▸ Input

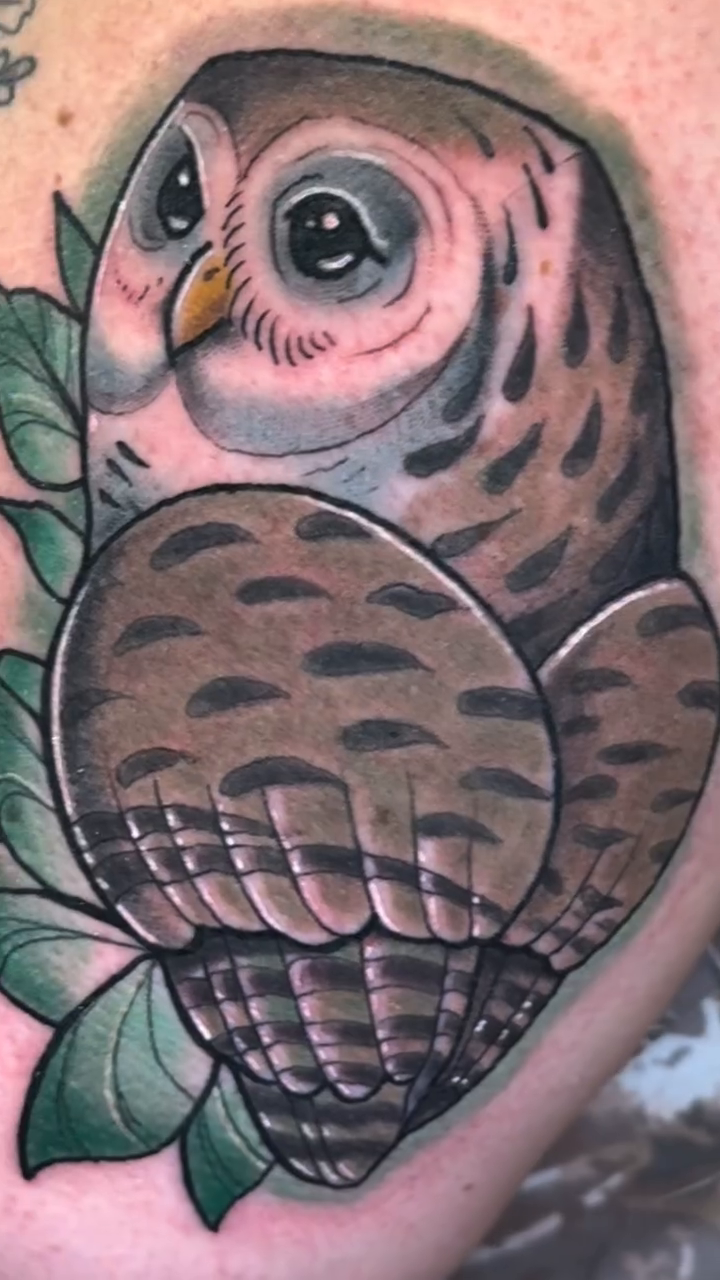 Tattoo by @smeezy_tattoos — illustrative, realism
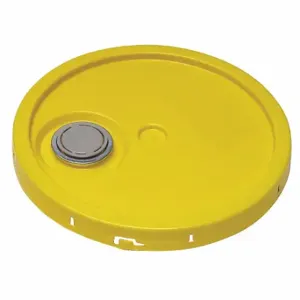 GRAINGER ROP210CVR0F-TT-Y Plastic Pail Lid, Gasketed/Snap-On/Tear Tab With Spout, 12 1/4 Inch OverallDia | CR3GJG 49EN72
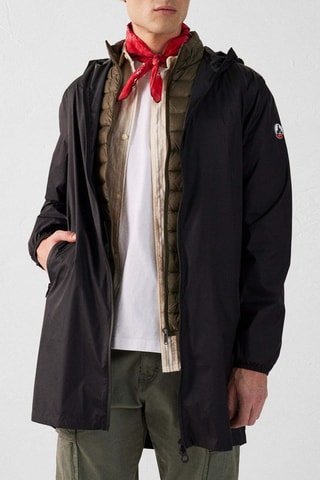 Imperméable long à capuche Oban - Noir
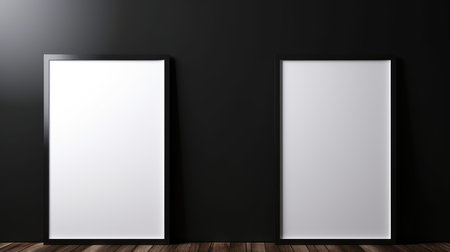 Blank empty frame poster mockup portfolio living room presentation furniture living room wall art furniture patternの素材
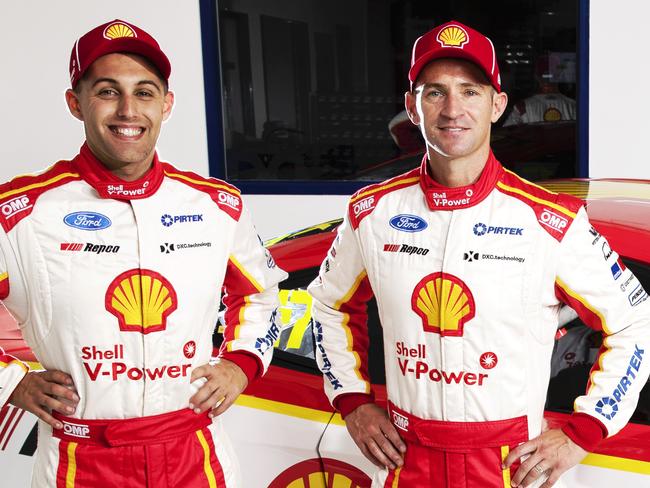 Dick Johnson Racing Supercars.** EMBARGO FOR FRIDAYS PAPERS 6/11 ** Shell V-Power Racing Team announce 2021 driver line up - Anton De Pasquale and Will Davison.Picture: NIGEL HALLETT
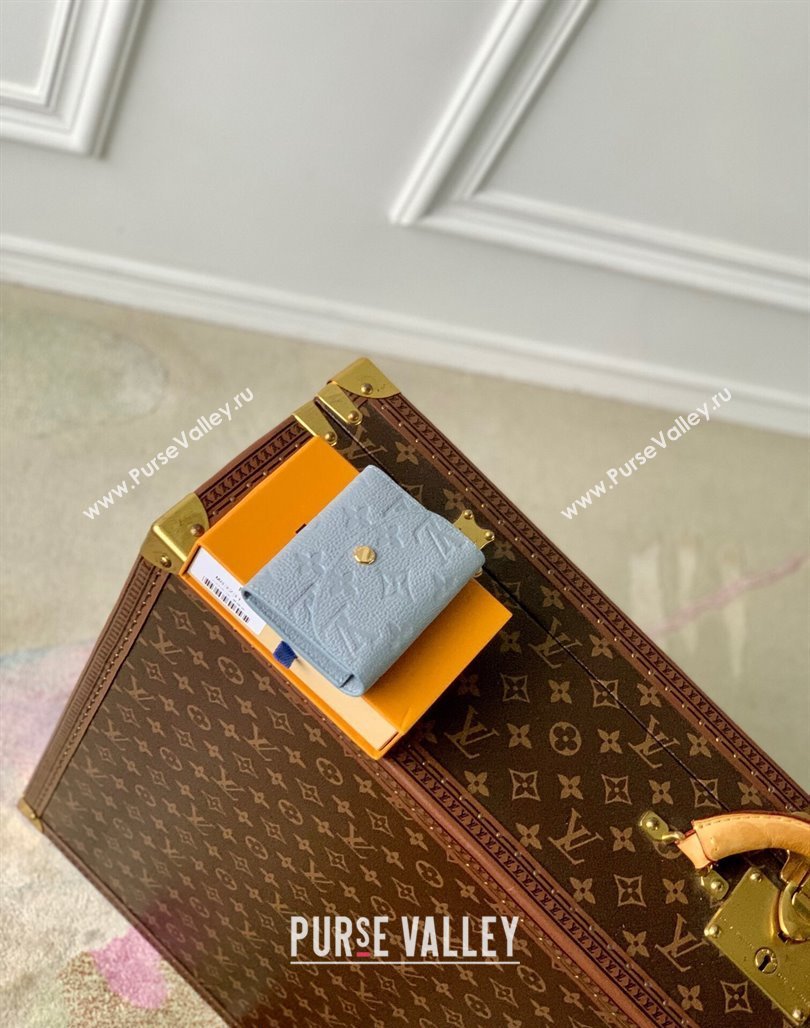 Louis Vuitton Rosalie Coin Purse Wallet in Monogram Empreinte Leather M81520 Olympe Blue 2024 (KI-240520058)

▸ What to produce
Each line from the one with "Dick Johnson Racing" through the final line of the records must be copied exactly, with no pictures and no additional lines.

▸ Result below
 Dick Johnson Racing Supercars.** EMBARGO FOR FRIDAYS PAPERS 6/11 ** Shell V-Power Racing Team announce 2021 driver line up - Anton De Pasquale and Will Davison.Picture: NIGEL HALLETT
 Louis Vuitton Rosalie Coin Purse Wallet in Monogram Empreinte Leather M81520 Olympe Blue 2024 (KI-240520058)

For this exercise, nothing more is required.